NEW YORK (AP) ' New York investment bank Morgan Stanley posted a fourth-quarter loss of $275 million Thursday, a reversal from its gain of $600 million a year ago.

But the loss, equivalent to 15 cents per share, was far smaller than the 43-cent loss that Wall Street had predicted. Relieved investors sent Morgan Stanley's shares up 5 percent before the market opened.

The loss stemmed from Morgan Stanley's settlement last month with bond insurer MBIA, an agreement that slashed earnings by 59 cents per share. MBIA had accused Morgan Stanley of being misleading about the quality of commercial mortgage-backed securities it wanted insured.

Morgan Stanley and other banks accused the insurer of restructuring itself to avoid paying claims the banks made. While the settlement took a deep hit on quarterly results, Morgan Stanley portrayed it as a step in cleaning up its balance sheet.

CEO James Gorman said in a statement that Morgan Stanley has been "addressing a number of outstanding strategic and legacy issues" for the past year, and is now "well positioned to deliver improved returns to shareholders in 2012 and beyond."

Like its peers, Morgan Stanley has been trimming expenses and cutting jobs as the economy continues to struggle. It's also figuring out how to redefine itself as new government regulations crimp former sources of revenue, including some complicated investment vehicles and trading for its own profit.

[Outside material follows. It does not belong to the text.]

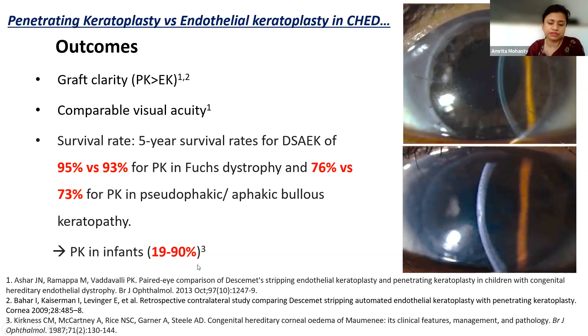Comparing the outcomes of PK and endothelial keratoplasty, there is no head-to-head trial, but there are a few case series which report graft clarity obtained in PK is much better than endothelial keratoplasty because of persistent corneal haze or opacity in cases of EK. PK and EK have comparable visual acuity, although astigmatism is pretty high in cases of PK. The five-year survival rates of DSAEK and PK in endothelial disorders are similar in adults, and the graft survival of PK in infants with CHED can be as high as 90%. Although EK addresses the endothelium which is the fault in CHED, there are various indications for PK depending on patient selection, surgeon experience, and donor tissue availability. Thank you.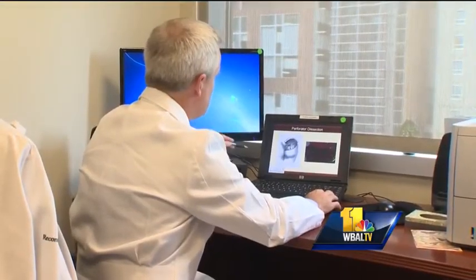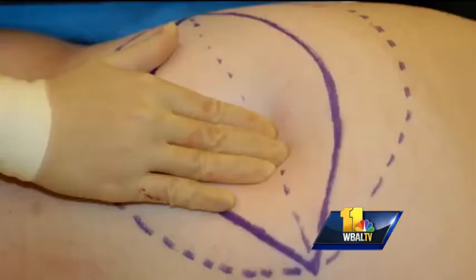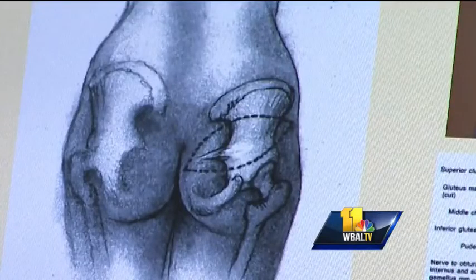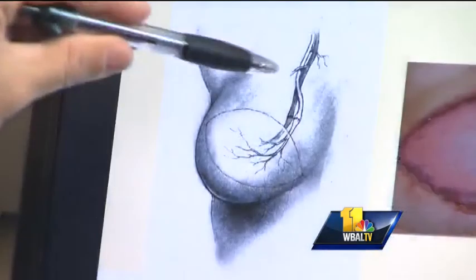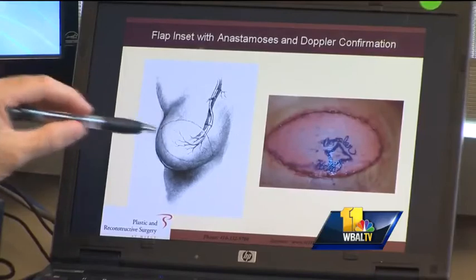It's called bilateral S-GAP, a unique procedure using tissue from the upper buttocks. Mercy Medical Center's Dr. Brendan Collins explains: this elliptical shape here is the skin from the back side. We identify the main blood vessel that supplies the blood flow to all of this tissue, and that tissue is then removed from the patient's body and transferred up to the breast. Under a microscope we hook up the artery and the vein to provide blood flow to the tissue.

Quarterly revenue of $5.7 billion was down from $7.7 billion a year ago. The bank's institutional securities unit swung to a loss. It also posted a 68 percent decline in revenue, as nervous clients held off on underwriting new deals or pursuing mergers. The institutional securities unit, the bank's largest, helps clients with investment banking services like packaging securities and trading currencies.

Though investment banking is always volatile, the risks are more pronounced at Morgan Stanley. Unlike some of its rivals, like JPMorgan Chase & Co. and Bank of America Corp., Morgan Stanley doesn't have a large consumer deposit base or much plain-vanilla lending to rely on when its investment bank stumbles.

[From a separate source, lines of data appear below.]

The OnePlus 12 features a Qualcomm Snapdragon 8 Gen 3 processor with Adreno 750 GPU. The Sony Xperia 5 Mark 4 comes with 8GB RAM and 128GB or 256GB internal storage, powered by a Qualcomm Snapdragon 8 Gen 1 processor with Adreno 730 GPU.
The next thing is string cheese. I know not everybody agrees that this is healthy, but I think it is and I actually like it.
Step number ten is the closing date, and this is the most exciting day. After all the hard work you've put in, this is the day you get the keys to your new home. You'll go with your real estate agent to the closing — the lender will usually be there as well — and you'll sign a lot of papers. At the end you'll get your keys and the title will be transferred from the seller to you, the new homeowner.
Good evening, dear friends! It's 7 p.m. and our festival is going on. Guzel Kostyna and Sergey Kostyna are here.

Gorman, who became CEO in 2010, has been slimming down the bank, selling off units like a mortgage servicing division and an asset management business. He's been emphasizing divisions like wealth management, which provide smaller returns than some investment banking operations used to but also carry a lot less risk because they're based on fees rather than markets.

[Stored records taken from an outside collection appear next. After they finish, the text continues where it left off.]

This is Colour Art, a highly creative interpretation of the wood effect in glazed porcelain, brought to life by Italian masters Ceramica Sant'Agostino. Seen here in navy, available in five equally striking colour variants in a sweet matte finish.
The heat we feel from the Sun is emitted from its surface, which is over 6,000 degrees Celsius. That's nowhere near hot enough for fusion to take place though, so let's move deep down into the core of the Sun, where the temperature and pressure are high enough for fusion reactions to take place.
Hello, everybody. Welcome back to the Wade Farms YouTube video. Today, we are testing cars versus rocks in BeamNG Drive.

Despite those efforts, Morgan Stanley's wealth management unit struggled in the quarter. Revenue fell 3 percent and profit fell 20 percent for the unit, which offers financial planning for wealthy individuals and small to medium-sized businesses. Asset management, which manages investment portfolios, also reported lower revenue and profits, thanks in part to souring investments in real estate.

Morgan Stanley's stock jumped 6 percent in pre-market trading.